Development of an Integrated Assay for Detection of BCR-ABL RNA

¹ Cepheid, Sunnyvale, CA.
² Dartmouth-Hitchcock Medical Center, Lebanon, NH.
³ Molecular Diagnostics Laboratory, Johns Hopkins Medical Institutions, Baltimore, MD.
⁴ Fred Hutchinson Cancer Research Center, Seattle, WA.

^aAddress correspondence to this author at: Cepheid, 904 Caribbean Dr., Sunnyvale, CA 94089-1189. Fax 408-541-6439; e-mail Emily.Winn-Deen{at}cepheid.com.

Background: Current practice guidelines for managing patients with chronic myelogenous leukemia (CML) call for monitoring BCR-ABL transcript concentrations with a quantitative reverse transcription–PCR (qRT-PCR) assay.
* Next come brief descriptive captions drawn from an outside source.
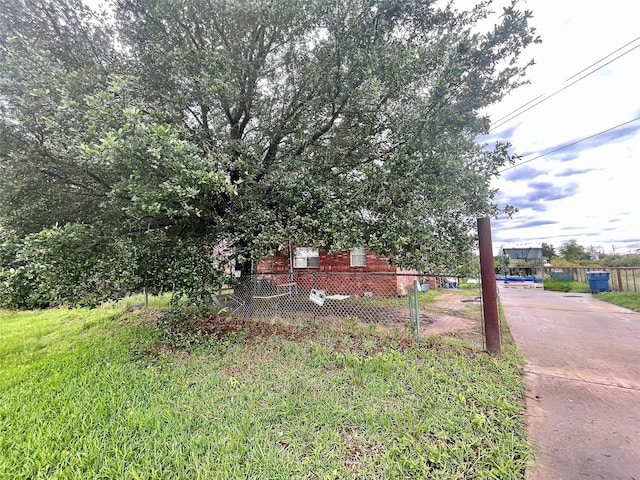 20661 Cochran Rd, Prairie View, TX 77445 - view of front of house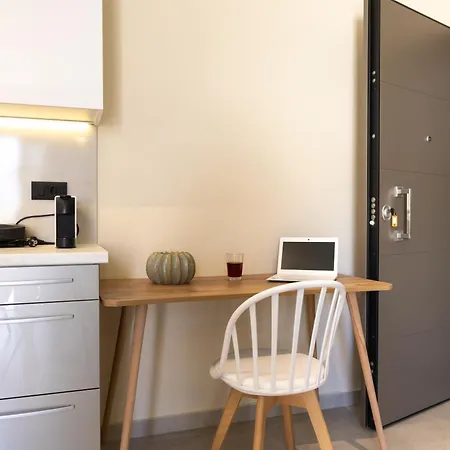 Appartement Meraviglia - Diamond Argostóli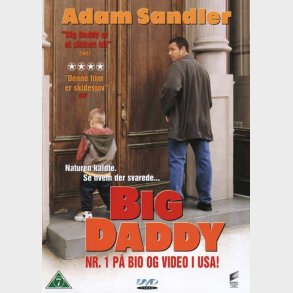 Big Daddy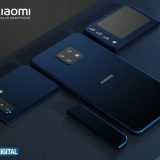 Xiaomi registra patente de celular modular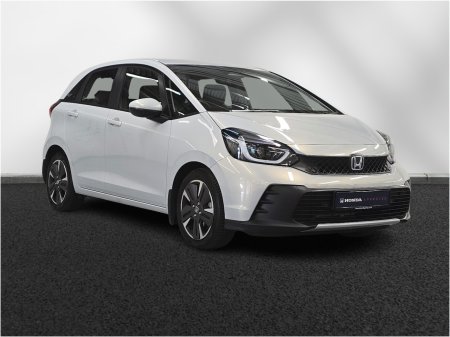 2025 Honda Jazz Hatchback Advance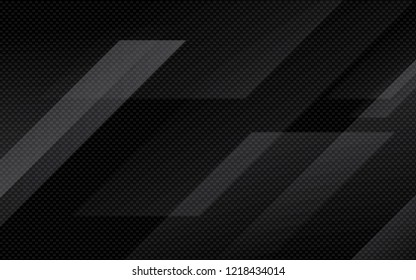 Detail Black Abstrack Nomer 9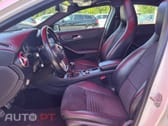 Mercedes-Benz A 180 BlueEfficiency Amg Line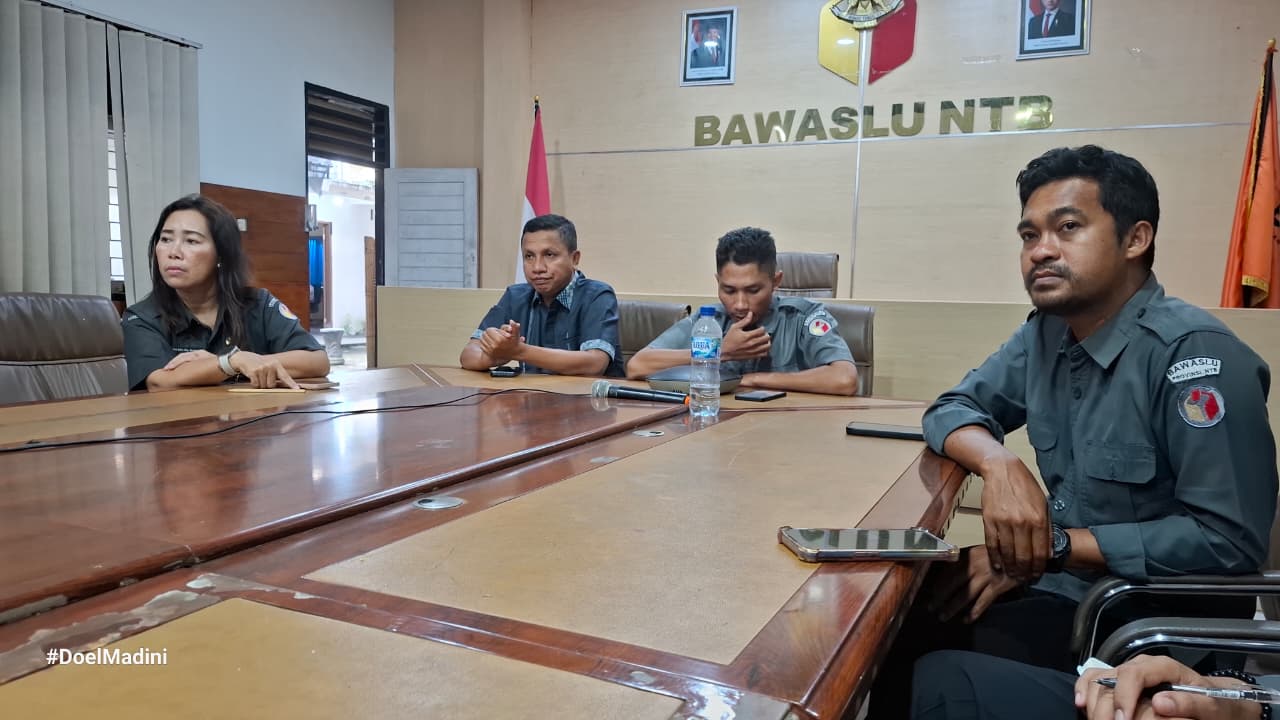 Divisi Pengawasan dan Humas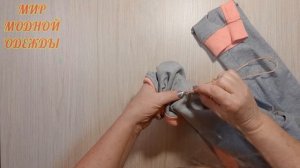 Зашиваем дырку необычно. Как заштопать дырку красиво и аккуратно на брюках, кофтах, куртках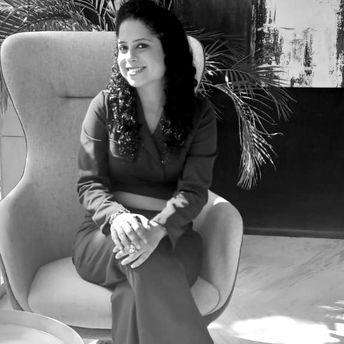 Deepika Chandwani
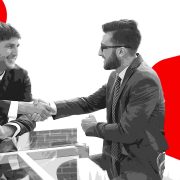 Corporate Entrepreneurship team
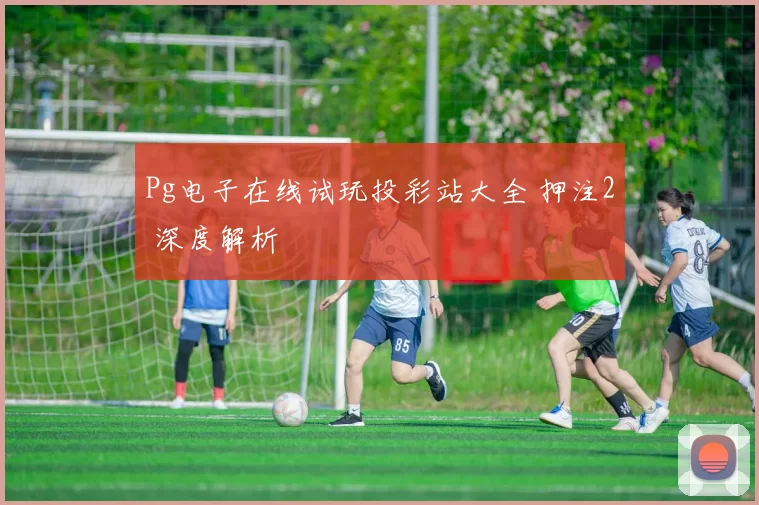 Pg电子在线试玩投彩站大全 押注2 深度解析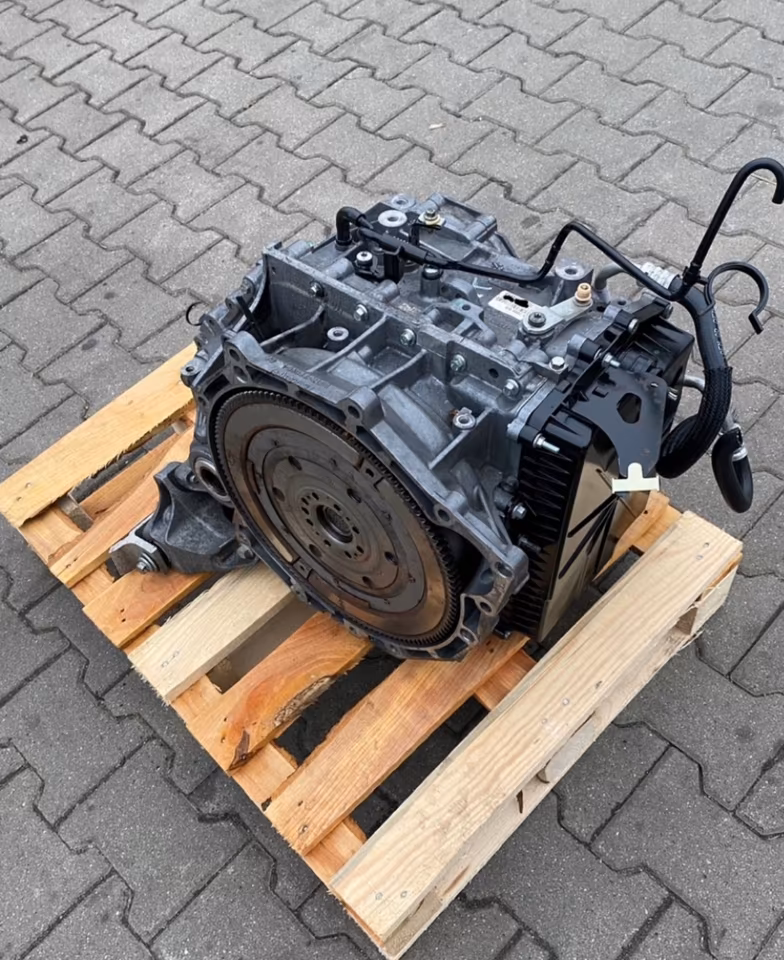 Automatikgetriebe Ford GALAXY DS7R-7000-BH DS7R7000BH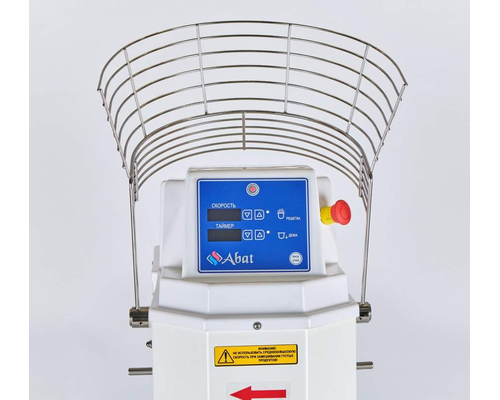 Миксер планетарный Abat МПЛ-40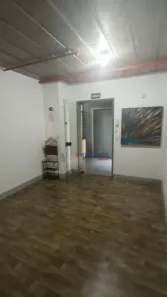 Sala Comercial à venda, 100m² no Cidade Monções, São Paulo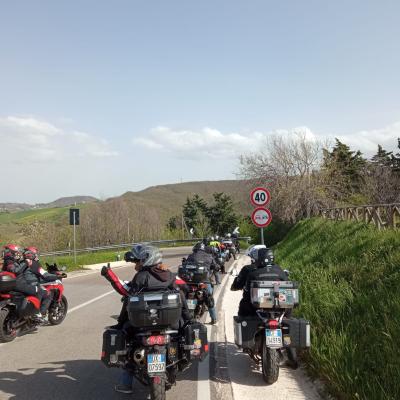 101 Mario Chiedo L Ok Per Poter Partire Ci Siamo Tutti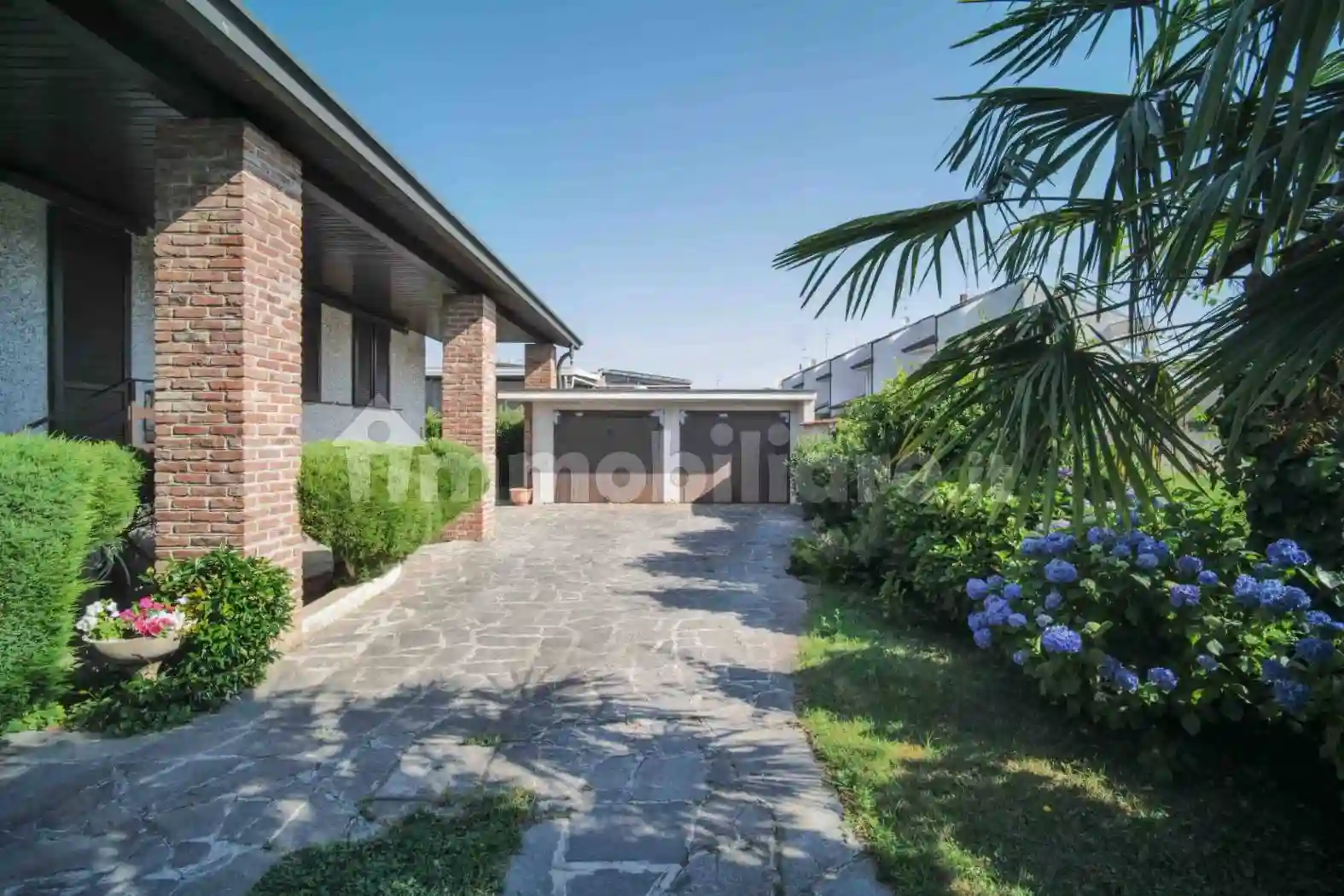 Villa - foto 4
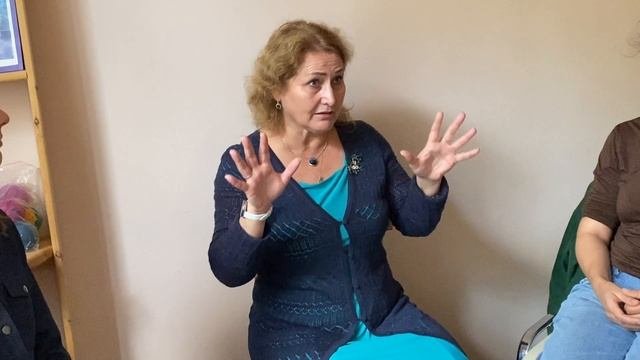 Символический язык сказок.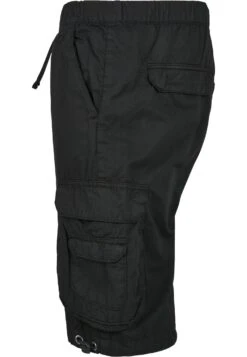 URBAN CLASSICS Double Pocket- Shorts - Black 16 URBAN CLASSICS Double Pocket- Shorts - Black -Next Verkoopwinkel 0fb70395a0b142e4b8a6874f62885bf7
Because the available laboratory-developed assays lack consensus on the appropriate design, reporting of results, and reference intervals, we developed and evaluated an integrated BCR-ABL assay that yields standardized results for any laboratory and can be performed by technicians with no specialized training.

Methods: We used the Cepheid Xpert® BCR-ABL Monitor assay to measure both BCR-ABL and ABL (endogenous control) transcripts in blood samples from CML patients and healthy individuals. The assay involves 8 manual pipetting steps, fully automated nucleic acid purification, a nested qRT-PCR step, and data analysis.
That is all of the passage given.